После небольшого отдыха — просушки и "перекуса" — мы отправились далее. Переехав речку Жарголчжудиин, протекающую по долине Туин-Гола и являющуюся протокой последней, машины поднялись на плато, представляющее предгорную хангайскую степь. К закату мы подъехали к реке Тацаин-Гол. Даже и эта совсем маленькая и спокойная речка теперь тоже выглядела сердитой, катя грязно-желтые воды. Одна из наших машин застряла в ней и, пока мы вытаскивали ее, на нас набросились тучи мошки, кусавшей так, что лицо и руки горели, как в огне. Особенно мошка досаждала мне и Эглону, забираясь за очки, откуда ее невозможно было выгнать, не снимая их каждый раз. Зловредные насекомые набились и в кабины и долго еще нас там жалили.
На следующий день наш путь шел все время по хан-гайским степям. Это была наилучшая часть дороги. Днем мы были уже в Арбай-Хэрэ, или Убур-Хангае, но дальше скорость нашего передвижения опять резко снизилась. В долине Онгин-Гола вода после дождей двигалась несколькими рукавами, и только через главный из них был мост. В первой же протоке "Тарбаган" ухитрился зачерпнуть радиатором воды, сильная струя которой погнула лопасти вентилятора, смявшие и изорвавшие в свою очередь целый участок ячей радиатора.

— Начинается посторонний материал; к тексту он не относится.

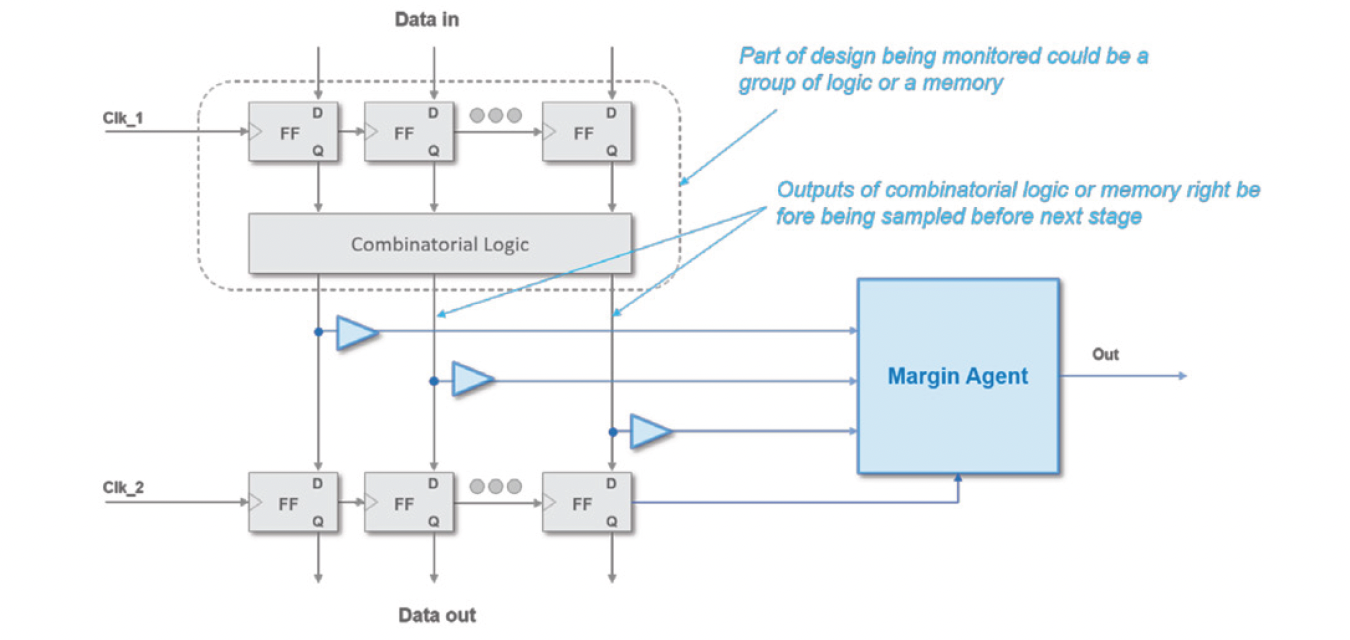Margin Agent to Measure Performance and Degradation Automotive Functional Safety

Ехать дальше было нельзя, пришлось паять радиатор. После Онгин-Гола нам удалось проехать не более 60 километров, и мы остановились ночевать среди гранитных скал. Они занимали огромную площадь. Когда-то здесь был гранитный массив, но прошли годы, тысячи и миллионы лет, и от массива остались лишь разрозненные небольшие останцы — скалы самых разнообразных, порой причудливых форм, которые, казалось, сделаны человеком, но не природой. Здесь были "сфинксы", "бюсты", "обелиски", "грибы", "столы" и т. д.

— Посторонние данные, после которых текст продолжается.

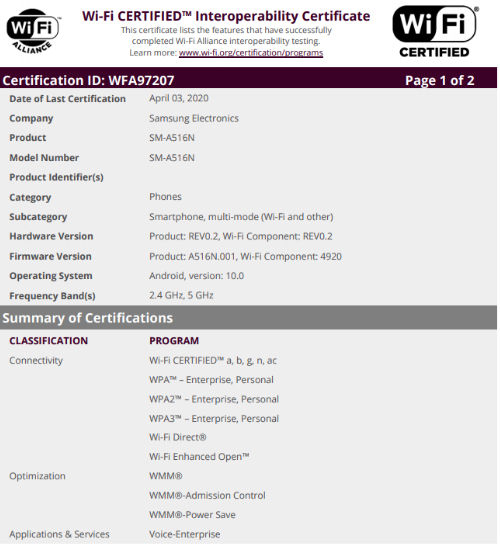 Смартфон Samsung Galaxy A51 5G стал на шаг ближе к выходу - «Новости сети»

Поздно вечером начался дождь, поэтому между машинами натянули брезент, под который и затащили все койки, кроме одной — койки Ивана Антоновича. Ее поставили с краю, так как он не любил духоты. Ночью он проснулся от неприятного ощущения, что ему кто-то уселся или улегся на грудь, и Иван Антонович со всей силой толкнул от себя непонятный тяжелый предмет, оказавшийся, к несчастью, несколькими ведрами дождевой воды, скопившейся в провисшем брезенте и хлынувшей теперь на постель Ефремова. Вода, как и ночь, была ледяной, и из мокрого спального мешка пришлось срочно выбираться.